Collected data:
○ ○ ○ ○ ○
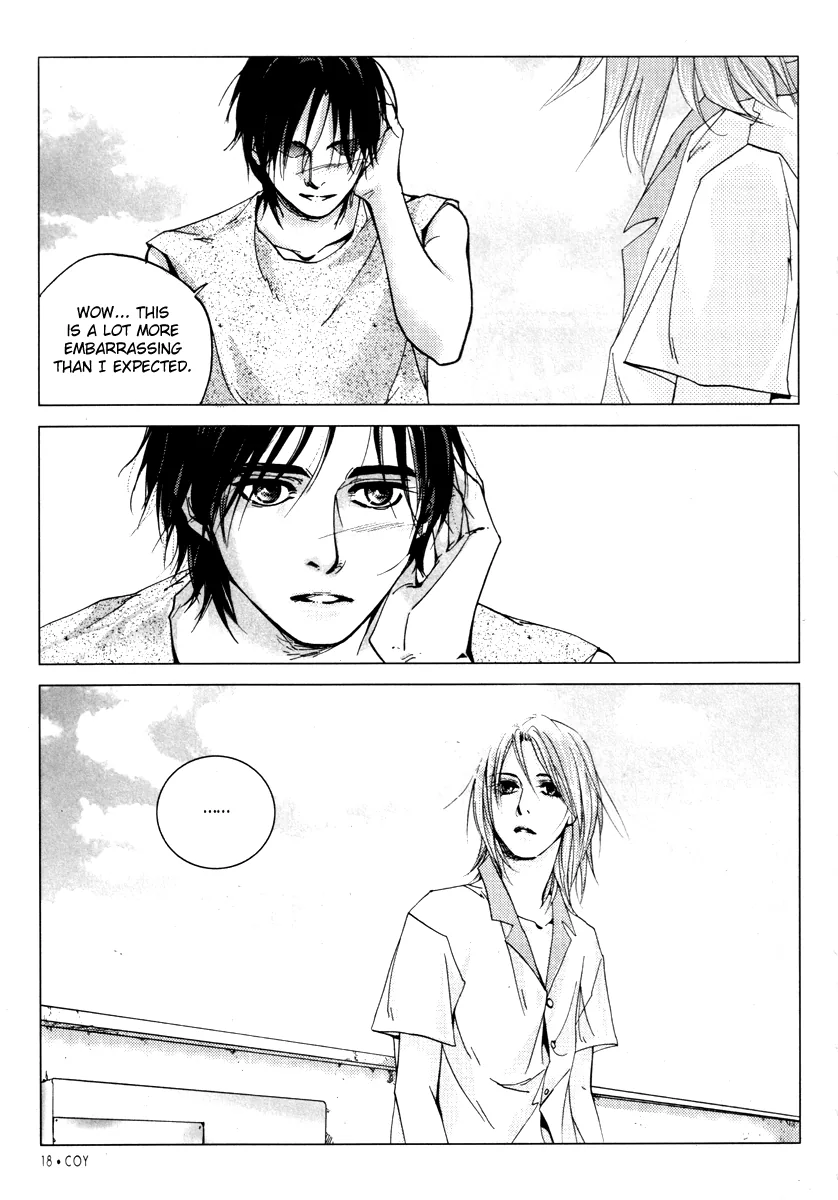 Coy - Crush On You Chapter 14 page 19 - 
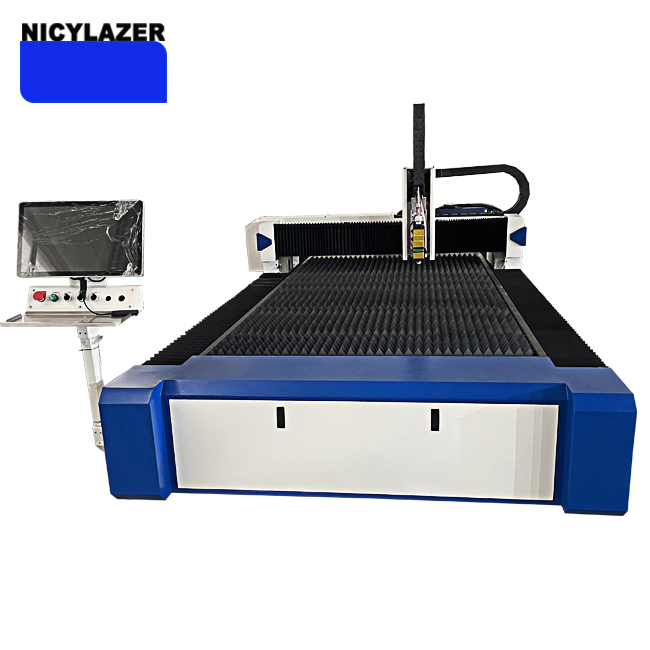 3000W Fiber Laser Cutting Mach – Industrial Laser Metal Cutter recenzja i cena
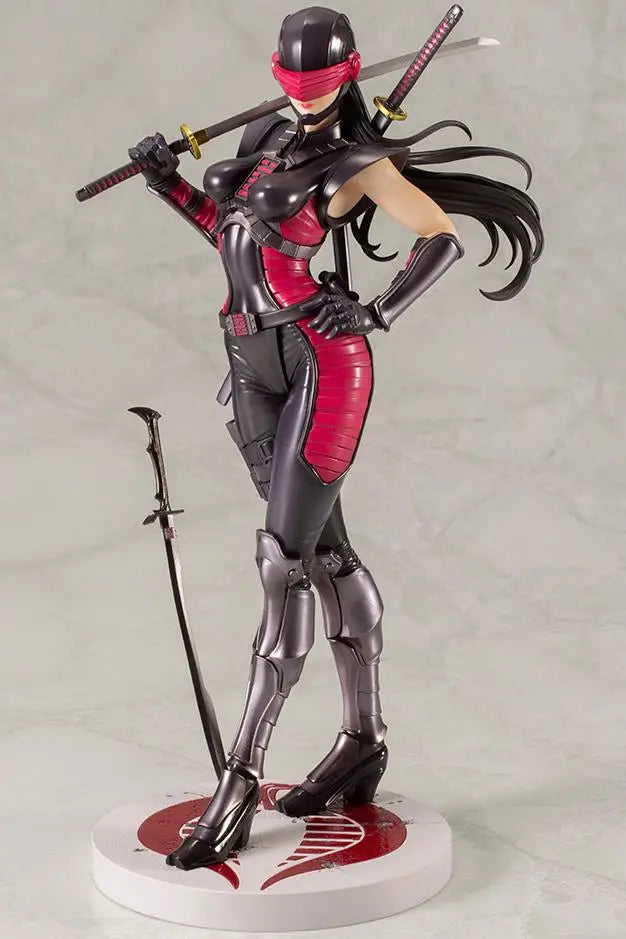 Kotobukiya Bishoujo G.I. Joe Dawn Moreno (Snake Eyes II) Statue Figure SV307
○ ○ ○ ○ ○
Problem to work on: Transcribe all of the material exactly and leave out its pictures.

Reply to the exercise:
 Coy - Crush On You Chapter 14 page 19 - 
 3000W Fiber Laser Cutting Mach – Industrial Laser Metal Cutter recenzja i cena
 Kotobukiya Bishoujo G.I. Joe Dawn Moreno (Snake Eyes II) Statue Figure SV307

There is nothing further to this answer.